On 14.03.2015 03:40, Laurent Bercot wrote:
Hm, after checking, you're right: the guarantee of atomicity
applies with nonblocking IO too, i.e. there are no short writes.
Which is a good thing, as long as you know that no message will
exceed PIPE_BUF - and that is, for now, the case with uevents, but
I still don't like to rely on it.
Named pipes are a proven IPC concept, not only in the Unix world. They
are pipes and behave exactly as them, including non blocking I/O,
programming the poll loop, and failure handling. There is only one
difference, the method how to get access to the pipe file descriptors
(either calling pipe or open).
I call "pipe" an anonymous pipe. And an anonymous pipe, created by
the netlink listener when it forks the event handler, is clearly the
right solution, because it is private to those two processes. With
a fifo, aka named pipe, any process with the appropriate file system
access may connect to the pipe, and that is a problem:
Right, any process with root access may write to this pipe, but don't
you think such processes have the ability to do other need things, like
changing the device node entries in the device file system directly?
May processes with root access produce confusion on the pipe?
Yes, but aren't such processes be able to produce any kind of confusion
they like?
We could have (at some slight extra cost):
- create the fifo with devparser:pipegroup 0620
- run hotplug helper (if used) suid:sgid to hotplug:pipegroup
(or drop privileges to that)
- drop netlink reader after socket creation to same user:group
- run the fifo supervisor as devparser:parsergroup
- but then we need to run the parser as suid root
Needs to access device file system and do some operation which require
root (as far as I remember). Any suggestion how to avoid that suid root?
- for writing: why would you need another process to write into the
pipe ? You have *one* authoritative source of information, which is
the netlink listener, any other source is noise, or worse, malevolent.
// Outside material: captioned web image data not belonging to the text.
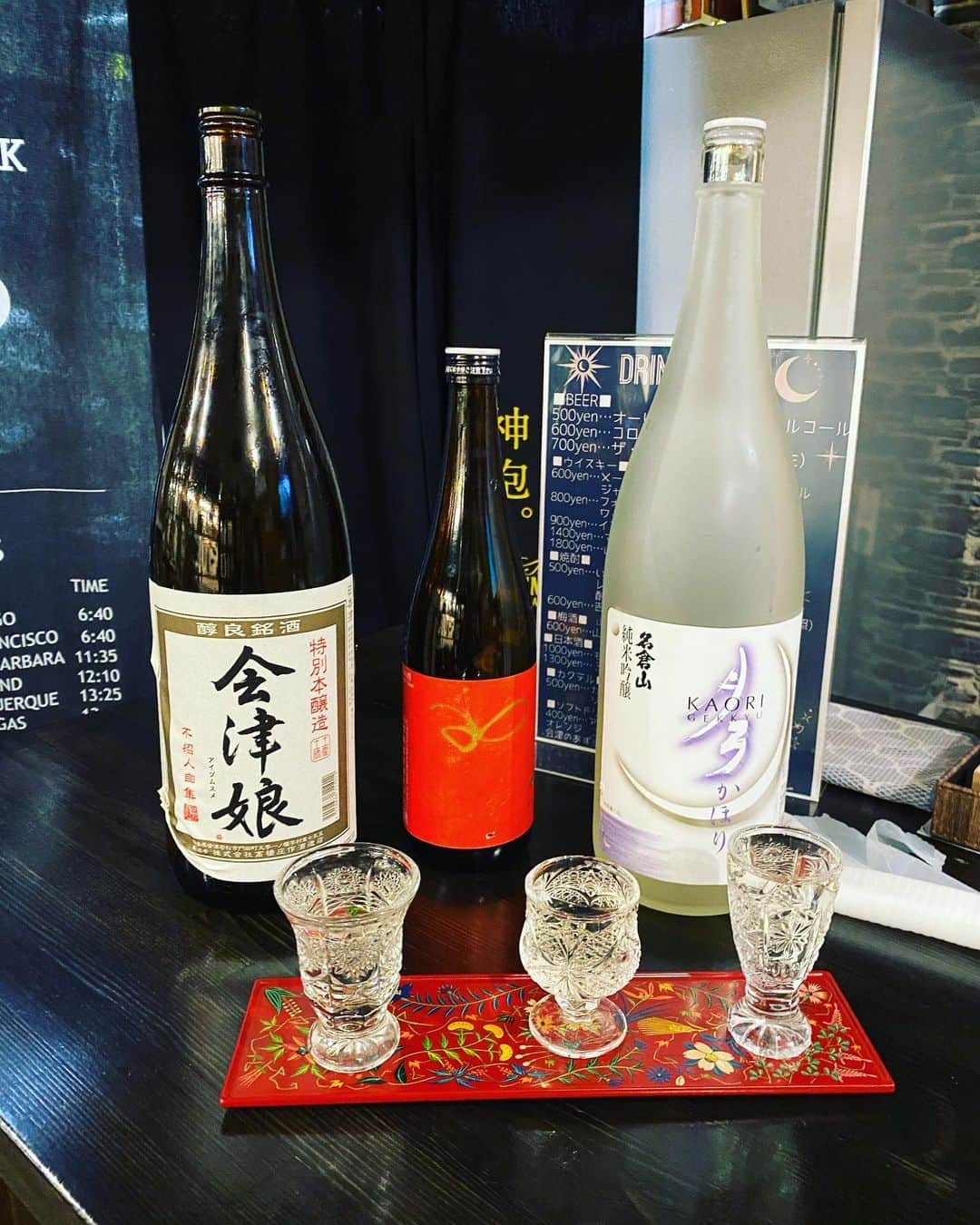 三谷晶子のインスタグラム：「会津若松なう。  #会津若松 #日本酒」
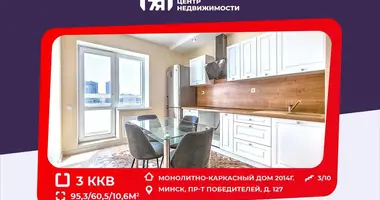 Appartement 3 chambres dans Minsk, Biélorussie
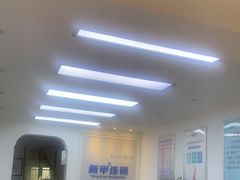 -新甲连锁灰指甲·甲沟炎·鸡眼(黑龙江路店)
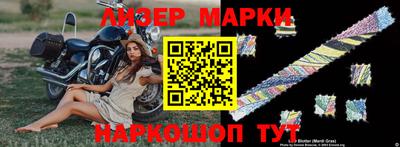 прущие грибы Тара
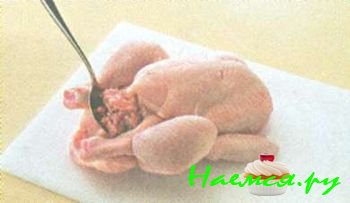 КАК НАФАРШИРОВАТЬ ДОМАШНЮЮ ПТИЦУ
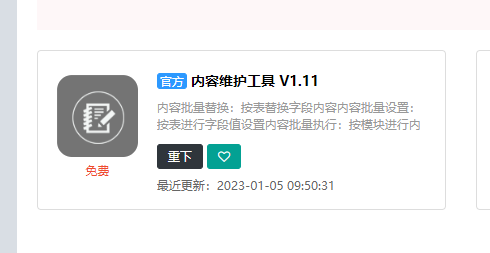 迅睿CMS网站迁移步骤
You stuck on netlink usage and oversee you are forcing others to do it
your way. No doubt about the reasons for using netlink, but why forcing
those who dislike? This forcing won't be different then forcing others
to rely on e.g. systemd? Isn't it? (provocation, don't expected to be
answered)
Where as I'm trying to give the user (or say system maintainer) the
ability to chose the mechanism he likes, and even with the chance to
flip the mechanism, by just modifying one or two parameters or commands.
Flipping the mechanism is even possible in a running system without
disturbance, and without changing configuration.
So why is this approach worser than forcing others to do things in a
specific way? Except those known arguments why netlink is the better
solution, where we absolutely agree.
- for reading: having several readers on the same pipe is the land
of undefined behaviour. You definitely don't want that.
Is here anyone trying to have more than one "reader" on the pipe? The
only one reader of the pipe is the parser, and right as we are using
fifos the parser shouldn't bet on incoming message format and content.
It shall do sanity checks on those before usage (and here we hit the
point, where I expect getting some overhead, not much due to other
changes). Isn't that good practice to do this for other pipes too (even
if a bit more for paranoia)? But all with the benefit of avoiding
re-parsing the conf for every incoming event, and expected over all
speed improvement. Not to talk about the possibility to chose/flip the
mechanism as the user likes.
This even includes extra possibilities for e.g. debugging and watching
purposes. With a simple redirection of the pipe you may add event
logging functionality and/or live display of all event messages
(possibly filtered by a formating script / program). All without extra
cost / impact for normal usage, and without creating special debug
versions of the event handler system.
I'm just trying to make it modular, not monolithic.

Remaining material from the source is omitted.